Research on the Semi-Solid Compressive Deformation Behavior of Ti-7Cu Alloy

Introduction

The extensive applications of titanium and its alloys, which are important structural materials with high strength and excellent corrosion resistance, are limited by their poor formability and high processing cost in solid state [1]. Most titanium alloy products are processed in a solid state, and these processes such as rolling, forging are difficult to machine in such state for their poor formability, i.e. high strength, relatively low modulus of elasticity, low thermal conductivity and high chemical reactivity. Many researches have been carried out to improve the formability and reduce the processing cost of Ti alloys [2–5]. Semi-solid processing is an effective net-shape forming process, which combines the elements of both casting and forging. The semi-solid deformation and processing behavior of Mg alloy [6, 7], Al alloy [8, 9] and steel [10] has been investigated for many years, and general results show that compared with conventional forming methods, semi-solid forming can easily process to accomplish as compared to established forging, with low deformation resistance, and it could reduce energy and machine costs for low processing load. In order to lucubrate the knowledge of compressive deformation characteristics of titanium alloy with different semi-solid deformation parameters, in this work, an comprehensive study was carried out to investigate the effect of deformation parameters including temperature and strain rate on compression behavior of Ti-7Cu alloy (Ti-Al-Cu-Si, the Cu content is 7%), which provides bases for the application of titanium semi-solid processing technology.

Experimental procedure

Materials used in this study were obtained from a Ti-7Cu (α + Ti₂Cu) burn resistant billet, the composition of which is shown in Table 1. The melting point of Ti₂Cu is 1,263 K. If the deformation or testing temperature rises above 1,263 K, Ti-7Cu alloy changes to a semi-solid state.

Semi-solid compression tests were conducted on Gleeble-3500 thermal and mechanical simulator using cylindrical samples with 12 mm in height and 8 mm in diameter. All the compression samples were machined by electron discharge machining and parallel to the billet. Semi-solid compression experiments were performed under isothermal condition at constant strain rates of 0.005, 0.05, 0.5 and 5 s⁻¹ and at temperatures of 1,223 K, 1,273 K, 1,373 K and 1,473 K, respectively. The temperature was controlled in the range of ±1 K and the adiabatic temperature rise was recorded with the help of a transient recorder. The specimens were heated to processing temperatures at a rate of 30 K/s and then held for 2 min before the deformation to ensure homogeneous temperature fields. All these specimens were compressed in a vacuum environment and the compression ratio was 50%. At the end of compression procedure, each specimen was water quenched immediately to retain the deformed microstructures for microstructural investigation. In order to reduce friction and maintain uniform deformation, two pieces of thin tantalum sheets were placed between the compression specimen and die.

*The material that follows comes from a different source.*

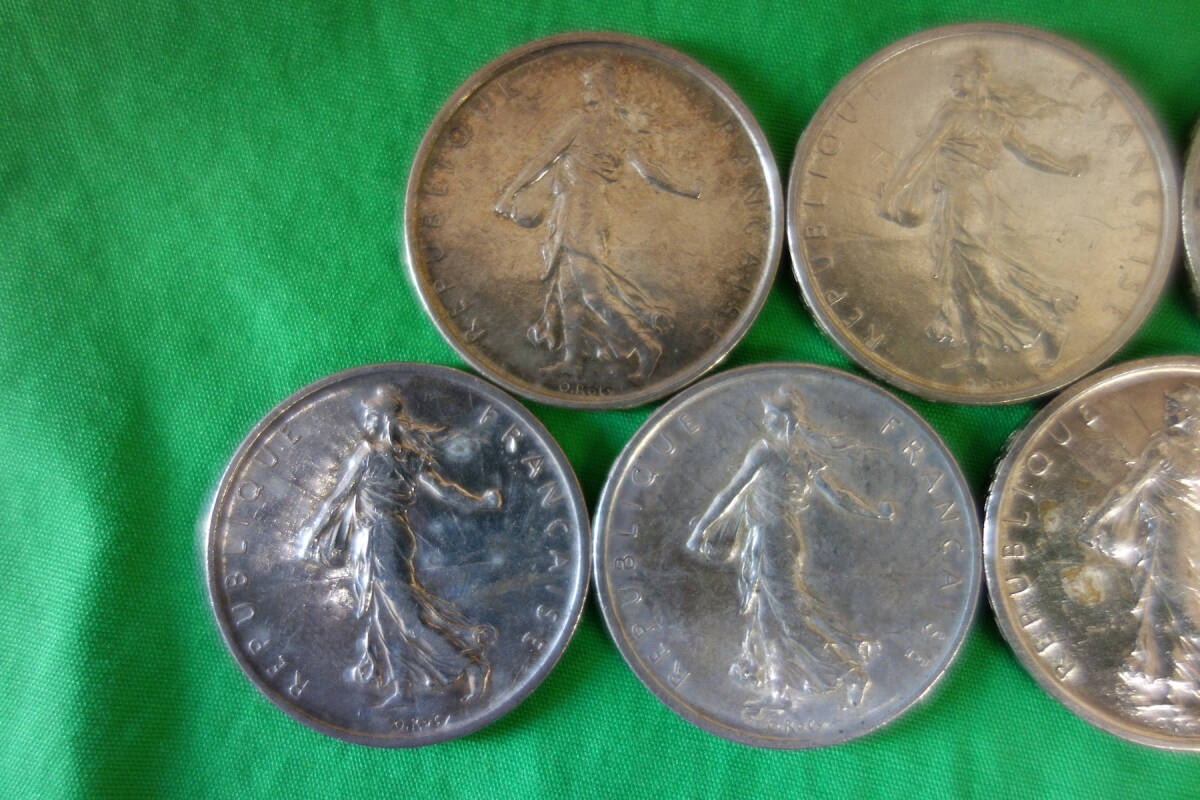 [ フランス 古銭 銀貨 ] 5FRANCS 5フラン 1960年×3枚 1962年×2枚 1963年×1枚 7枚セット 直径29.1mm 厚み2.1mm 貴重 希少_画像5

Central regions of the specimens where exhibited the largest deformation were selected as the investigation area of interest. The specimens were etched by Keller’s reagent (10 ml HF +25 ml HNO₃ +15 ml HCl +500 ml H₂O) and the microstructure examination was conducted at an OLYMPUS/GX71 optical microscope. For transmission electron microscope (TEM) study, the specimens were prepared by ion milling method after being thinned to 50 μm by mechanical grinding, and then examined in a JEM-200CX transmission electron microscopy.

Results

Deformation at different temperature

Typical true stress–strain curves of Ti-7Cu alloy at different semi-solid temperatures are illustrated in Figure 1. In the analysis of the flow curves, it can be seen that temperature has a significant influence on flow stress at the same strain rate, and flow stress decreases with the increase of deformation temperature at a given strain rate. The amount of temperature rising and subsequent softening is usually more obvious at higher strain rates (for example, 0.5 s⁻¹ and higher). All the flow curves exhibit limited work hardening and significant flow softening occurs after yielding drop followed by a steady-state flow for higher strain rates. Compared with conventional solid deformation (1,223 K), flow stress changed smaller with increasing of semi-solid deformation temperature and reached to steady state immediately with the increase of strain rate, which suggests that Ti-7Cu alloy also has an obvious soften characteristic in semi-solid state.

Figure 1

Stress–strain curves of Ti-7Cu alloy with different strain rate (a) 0.05 s⁻¹;(b) 0.5 s⁻¹

Deformation with different strain rate

Figure 2 describes stress–strain curves of isothermally compressed Ti-7Cu alloy at strain rates range from 0.005 s⁻¹ to 5 s⁻¹. These curves show that the flow stress increases with the increase of strain rate at a given temperature. It is obvious that the stress–strain curves at strain rate of 0.5 and 5 s⁻¹ exhibit a sharp initial peak stress (discontinuous yielding) followed by a little work hardening and then soften to a steady state. Such discontinuous yielding phenomenon was also reported in semi-solid deformation behavior of Ti14 alloy [11–13], which may ascribe to the rapid response time and liquid flow rate during semi-solid deformation. Figure 3 shows the peak stresses and steady stresses of Ti-7Cu alloy during the compression with the different temperature and strain rate, respectively. It can be seen that peak stress and steady stress are sensitive to semi-solid deformation temperature and strain rate, peak stress and steady stress decrease significantly with increasing the deformation temperature and strain rate.

Figure 2

Stress–strain curves of Ti-7Cu alloy (a) 1,273 K; (b) 1,473 K

Figure 3

Steady stress and peak stress curves of Ti-7Cu alloy with different deformation temperature and strain rate during semi-solid deformation (ε = 0.6) (a) Steady stress; (b) Peak stress

Constitutive equation of Ti-7Cu alloy for semi-solid deformation

The flow stress σ depending on the temperature T and the strain rate ε exists a balance between dynamic softening and hardening, as similar to the relationships of creep. J.K. Fan and H.C. Kou [14] proposed using include deformation activation energy Q and temperature T in the form of amendments to the hyperbolic sine Arrhenius equation to describe the rheological behavior of thermally activated:

(1)ε˙=A[sin(ασ)]nexp−QRT

where A, α and n are constants, R is the gas constant, Q is the deformation activation energy, ε is strain rate and T is deformation temperature, which reflects the difficult degree of thermal deformation, whose size depends on the morphology of the material.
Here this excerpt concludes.